Monday 12 September 2005

Universally high standards.

Is there really so little going on in the world that The Guardian needs to manufacture fake news? I mean, look at this:

An acceleration of plans to reform state education, including the speeding up of the creation of the independently funded city academy schools, will be announced today by Tony Blair.

But the increasingly controversial nature of the policy was highlighted when the former education secretary Estelle Morris accused the government of "serial meddling" in secondary eduction.

In an article in tomorrow's Education Guardian she writes ...


This isn't news; this is a trailer. Look, there's nothing wrong with hiring someone to write an opinion piece for your paper. Obviously. But then writing a "news" article about the opinion piece is very annoying. And the headline calls it a "backlash". Right. So, if I write a piece about how I think The Guardian is wrong over, say, Iraq, can I then write another piece saying that there's been a backlash against The Guardian, quoting my first piece as evidence? And can I, the day before I publish either of them, write another piece announcing the "news" that there is about to be a public backlash against The Guardian? Well, yes, I can, but I'm just not quite enough of a self-absorbed dishonest tosser to do so. Sure, I know all the media do it (don't get me started on ITV News making their top story the fact that ITV will be broadcasting a controversial documentary right after the news), but it still pisses me off.

And it's not just the media:

Today, the prime minister will say ...


If you're going to make a speech, make a speech. If you're going to release the text as a press release first so that everyone can read it before you make it, don't bother. Can you imagine? "Later today, Mr Churchill will announce that he believes we will fight the Germans 'on the beaches' and 'in the mountains,' as well as in several other locations."
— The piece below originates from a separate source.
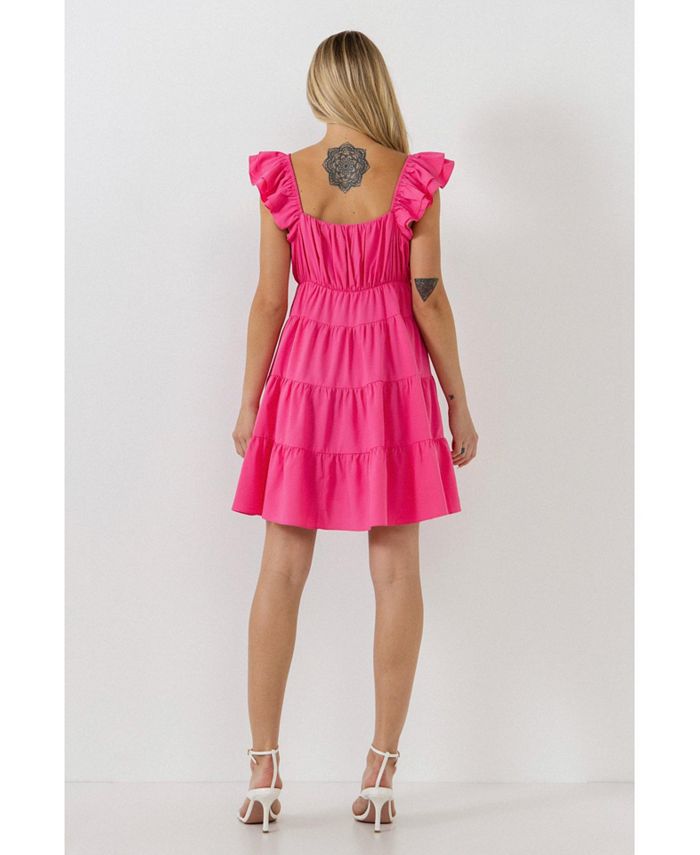 endless rose Women's V neck Flounced Mini Dress Macy's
Anyway, Estelle Morris writes:

"Another round of structural change won't by itself achieve universally high standards. Worse than that it could be a distraction. In five years' time, whose children will be going to these new academies? Will choice and market forces once again squeeze out the children of the disadvantaged?"


Two things. Firstly, who started this idea that structural change would by itself achieve universally high standards? Who, for instance, scrapped the Eleven-plus and destroyed the grammar school system? No, not Estelle Morris, but her party.
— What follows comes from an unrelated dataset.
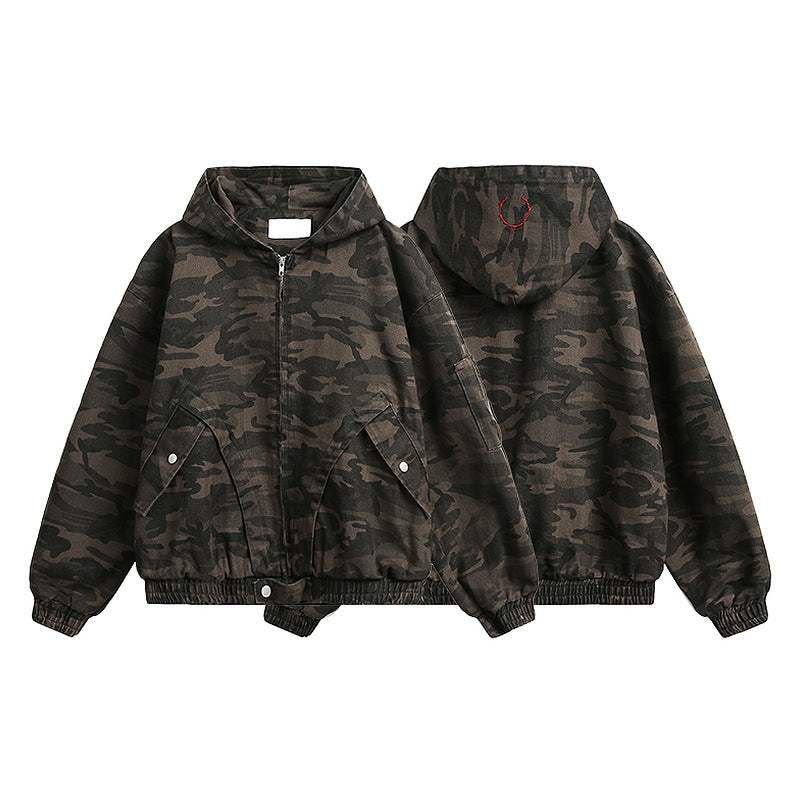 Hooded Camo Utility Jacket – Retro Zip Style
OK, so maybe she, like Tony Blair, is willing to admit that the Labour Party have made mistakes in the past; maybe she wishes the grammar schools had never been got rid of, so can hardly be blamed by association for their scrapping. So we should really consider, rather than the historical actions of her party, her own actions as Education Minister.

So, secondly, she did her bit to help destroy foreign language teaching in the UK. Of course, she claimed that this was part of a long-term strategy to improve language teaching — the idea, apparently, is to make languages optional for teenagers but to start teaching them to primary-school children so that kids have their aptitude for languages developed earlier (though quite why the former bad idea is necessary in order for the latter good one to work, she never explained). In other words, she made yet another round of structural change in order to achieve, eventually, she naively hoped, universally high standards. And, short term, she lowered standards.

Compare this with what she's attacking:

However, this will not deter Mr Blair who will point out that in the last academic year the proportion of pupils receiving five good GCSEs in city academies rose by 8 per cent, four times the national average.


These city academies are raising standards, at least comparatively. But Estelle Morris doesn't care whether they work in practice, because she doesn't think they work in theory.

Why would anyone listen to this woman?